100% Correct also the inspection staion will give you a letter stating that
extending your retest time from the resistry.


----------



## Guest (Jun 30, 2008)

Thanks for all of your responses. I was just a bit worried about what to do. I wasn't sure if I could get another rejection sticker after already having one or if they would be able to extend the one I currently have. Thanks for all of your answers =]


----------



## justanotherparatrooper (Aug 27, 2006)

See , it can be done to all you naysayers out there! Someone ask a legitimate question and got straight answers


----------



## Nuke_TRT (Feb 10, 2008)

Wait for it ....


----------



## Guest (Jun 30, 2008)

kelley8688 I can feel your pain I have been working on a sticker for 3 months now with 3 different shops. All the shops say nothing is wrong with the vehicle no codes ect. lets try this than that. Fix something drive for a week to reset computer. The drive cycle to set these computers is impossible.
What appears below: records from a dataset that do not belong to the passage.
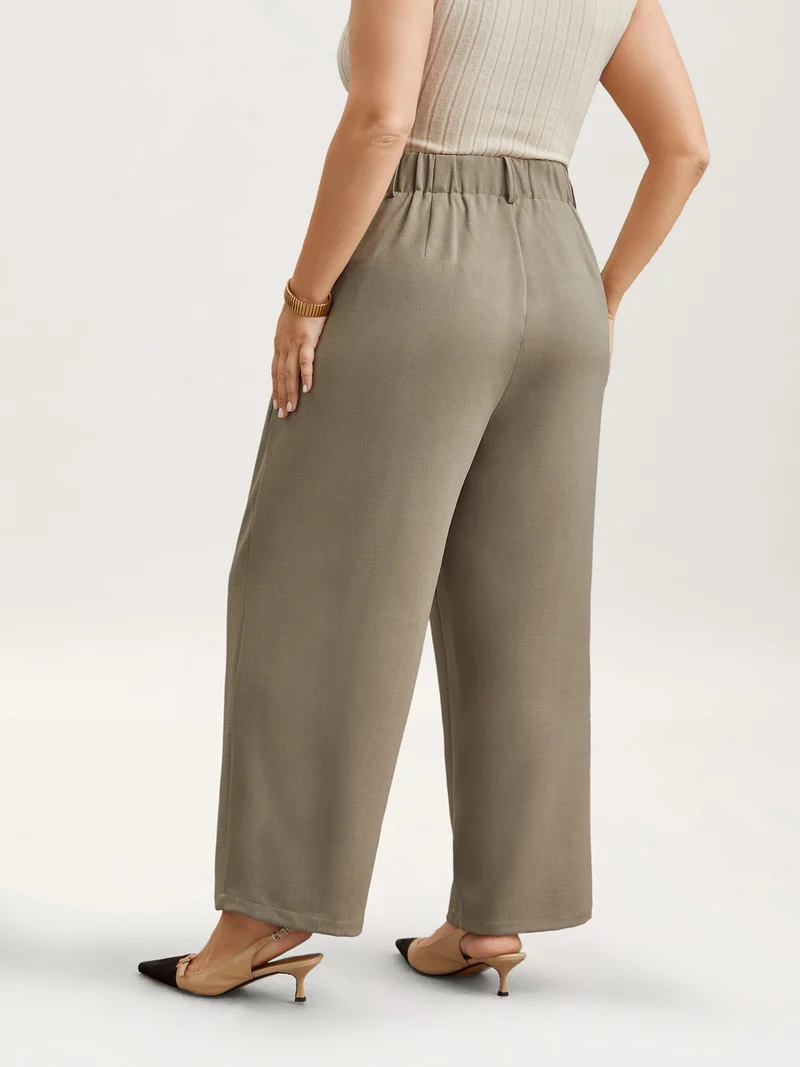 Pleated Straight-Leg Pants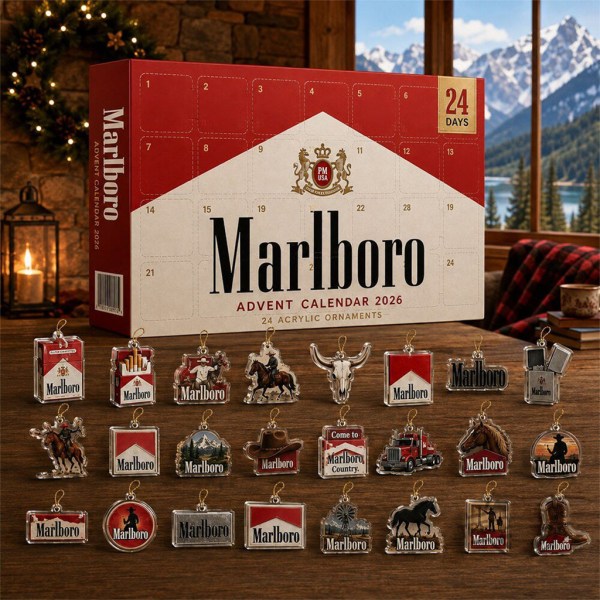 Marlboro Advent Calendar 2026 With Acrylic Ornaments Marlboro Merch Christmas Gift For Dad - Image 2
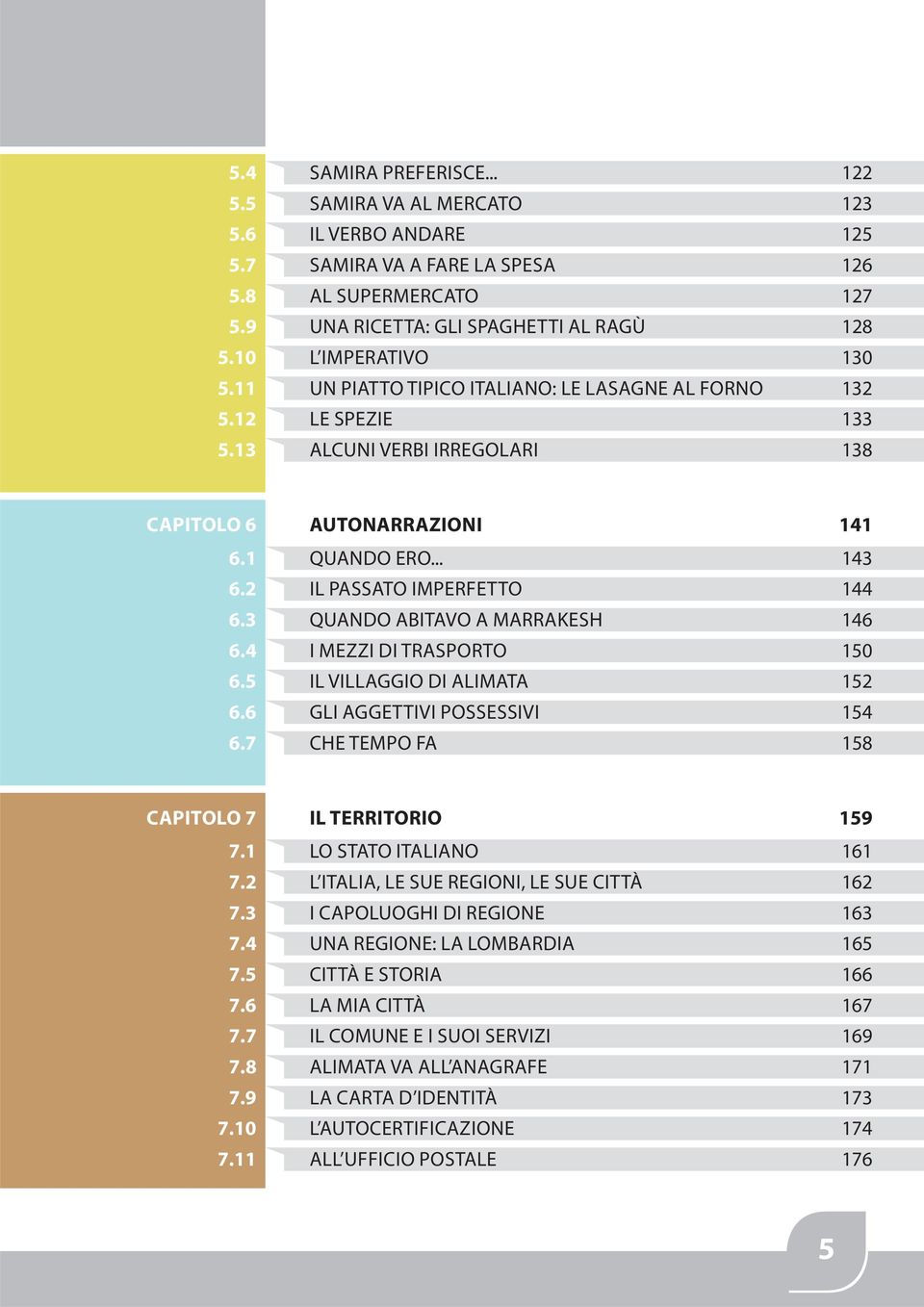 FORNO 132 LE SPEZIE 133 ALCUNI VERBI IRREGOLARI 138 CAPITOLO 6 6.1 6.2 6.3 6.4 6.5 6.6 6.7 AUTONARRAZIONI 141 QUANDO ERO.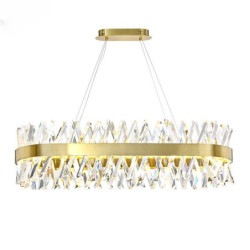 1-lys 100cm krystal vedhæng lys guld øjenbeskyttelse lysekrone metalmalet finish LED chic & moderne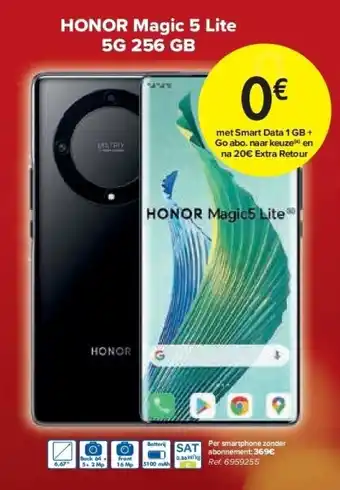 Carrefour Honor magic 5 lite 5g 256 gb aanbieding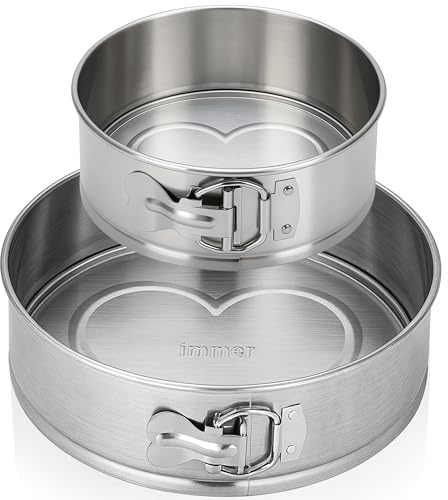 immer Set di 2 Tortiere Apribile con Cerniera Mini in acciaio inox non rivestita, senza PFAS, lavabile in lavastoviglie (Ø 25 cm + 18 cm)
I was told that with an older car if I spent more the 300 dollars on the car I could get a wavier from the state but it was denied. At any rate the state says I need a new computer for the car as the old one will not go ready. But like you I have run out of time while I await a new computer that is on order. Keep all the paper work in your car if you get pulled over hopefully to officer will understand. To my fellow Officers out there if someone gives you this story it's a good chance it's not BS.


----------



## kttref (Oct 5, 2004)

justanotherparatrooper said:


> See , it can be done to all you naysayers out there! Someone ask a legitimate question and got straight answers


Yeah, because a chick asked it.


----------



## Boston Man (May 6, 2008)

What car do you have? There's a specific cycle you must go through to ready all of the monitors in your vehicle. Example: Must stay at 50 mph for x ammount of minutes, then up to 60 mph for x minutes, then down to 40 at x minutes. Each make has their own.


----------



## kttref (Oct 5, 2004)

Thimios315 said:


> *ahahha - you make a good point, Kate! - L0L*


Thank you dear....(flattery will get you EVERYWHERE)....


----------



## Guest (Jul 1, 2008)

Boston Man said:


> What car do you have? There's a specific cycle you must go through to ready all of the monitors in your vehicle. Example: Must stay at 50 mph for x ammount of minutes, then up to 60 mph for x minutes, then down to 40 at x minutes. Each make has their own.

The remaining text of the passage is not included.